The increase of prices since 1938 has been faster at some times than at others but latterly it has speeded up: in the past twelve months about 10 per cent., with expectation of a faster rate in 1974 (added-to by other factors such as harvest failures and the price squeeze by the oil producers). One guess for 1974 is 14 per cent. If that rate continued the price level would double every five years.
During and after World War I prices rose much faster than since 1938. In the four-and-a-quarter years of the war the price level more than doubled, but the really fast increase came afterwards. Between June 1919 and November 1920 the rise was 35 per cent., equivalent to 25 per cent, a year. Capitalism was having a short-lived boom, unemployment was very low and wages were rising faster than prices. Trade union membership, 8,337,000 in 1920, was at a record level never reached again until after World War II.
Then the government decided that the time had come to end the wartime currency depreciation and get back to “normal”. On the recommendation of a Committee of Inquiry, the Cunliffe Committee, the Bank of England was instructed to limit the note issue. This was in December 1919. For a time prices went on rising but five months later wholesale prices began to drop, and retail prices followed nine months after the new restriction was applied.
Wages began to fall, by a total of 33 per cent, in 1920-24: prices fell rather less.

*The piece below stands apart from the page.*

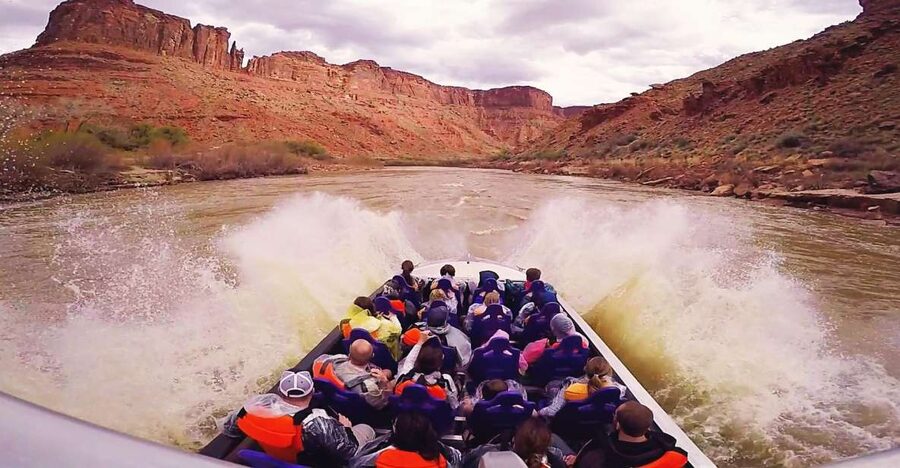 Moab: 1-Hour Colorado River Speed Boat Tour - The first 30 minutes on the Colorado River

The trade unions lost nearly three million members. Unemployment jumped from 400,000 in 1920 to 2½ million in 1921 and then stayed at well over a million until the next crisis in the nineteen-thirties when it reached nearly 3 million.
The trade unions did their best to resist the reduction of wages but could not prevent it. In 1921 the number of days lost through industrial disputes was nearly 86 million, far more than in any subsequent year except the year of the General Strike. (In 1972 it was under 24 million days.)
It is interesting to consider why currency depreciation was halted after World War I and not after World War II. One very important factor has been the change of attitude among most politicians and economists, brought about by the popularity of Keynesian economics. Under the guise of “government management of the economy” to promote expansion and “full employment” it had become respectable, and other means such as wage and price controls were sought to keep price rises within limits. Samuel Brittan in the Financial Times (3rd Jan. 1974) calls it the policy “to print enough money to preserve employment”. Writing about the past two years he says:
The Government, Confederation of British Industry and TUC were all agreed that we should make another “dash for growth” — by which, of course, they meant large Budget deficits financed by printing money. The only instrument for containing the strains to which such a policy always gives rise was the fig-leaf of “incomes policy”.
While all the time protesting about rising prices, the trade unions and TUC have been solidly behind the policy for the past thirty years.
It was only when unemployment, after pushing upwards for a decade, went over the million mark in 1972 that Enoch Powell’s policy of repeating what was done in 1920 began to gather backing among employers and Tory MPs.
So where do the workers stand? They can have unemployment with inflation or unemployment without inflation. (In the period 1920-23 when prices were coming down fast in Britain they were shooting up fast in Germany, with unemployment reaching peaks in both countries!)
Of course the workers, when they so decide, have the alternative of getting rid of capitalism.